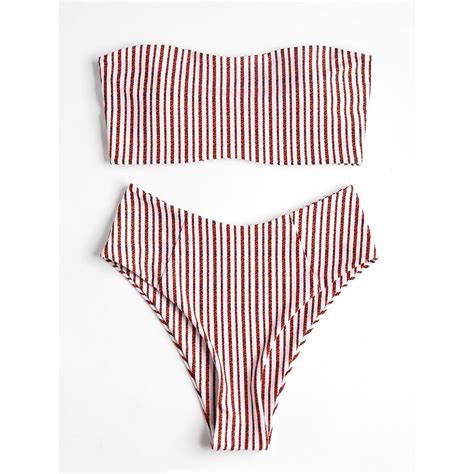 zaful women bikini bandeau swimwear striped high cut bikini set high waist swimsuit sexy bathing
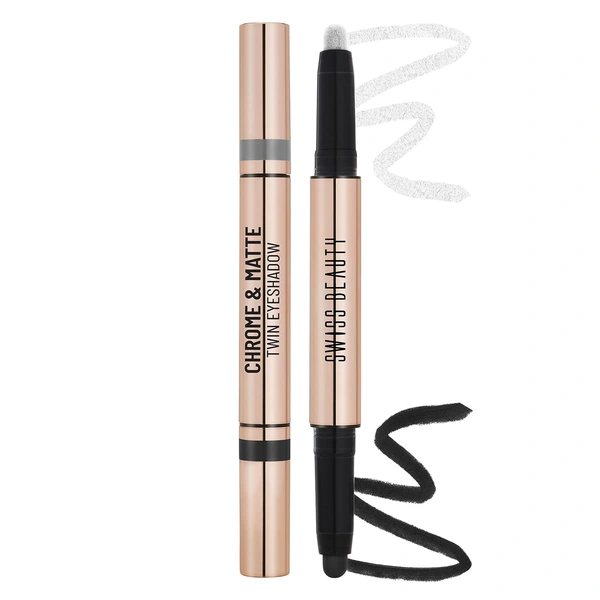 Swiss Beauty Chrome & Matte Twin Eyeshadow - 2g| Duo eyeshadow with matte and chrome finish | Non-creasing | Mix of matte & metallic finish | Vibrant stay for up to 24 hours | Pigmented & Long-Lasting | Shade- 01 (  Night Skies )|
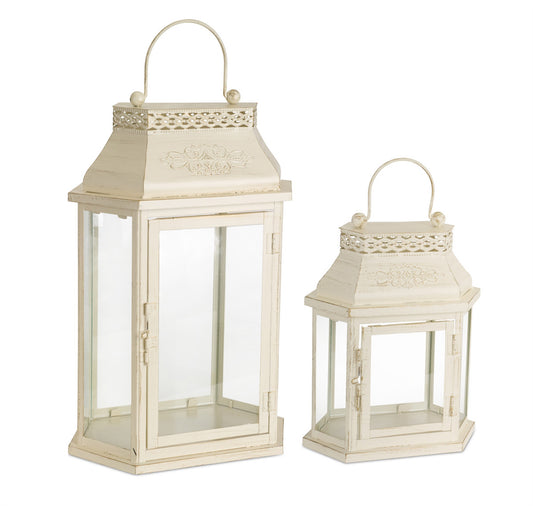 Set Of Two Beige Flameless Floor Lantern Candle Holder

□ □ □ □

◆ TASK DESCRIPTION
Print the material above verbatim except the pictures.

◆ ANSWER BOX
 zaful women bikini bandeau swimwear striped high cut bikini set high waist swimsuit sexy bathing
 Swiss Beauty Chrome & Matte Twin Eyeshadow - 2g| Duo eyeshadow with matte and chrome finish | Non-creasing | Mix of matte & metallic finish | Vibrant stay for up to 24 hours | Pigmented & Long-Lasting | Shade- 01 (  Night Skies )|
 Set Of Two Beige Flameless Floor Lantern Candle Holder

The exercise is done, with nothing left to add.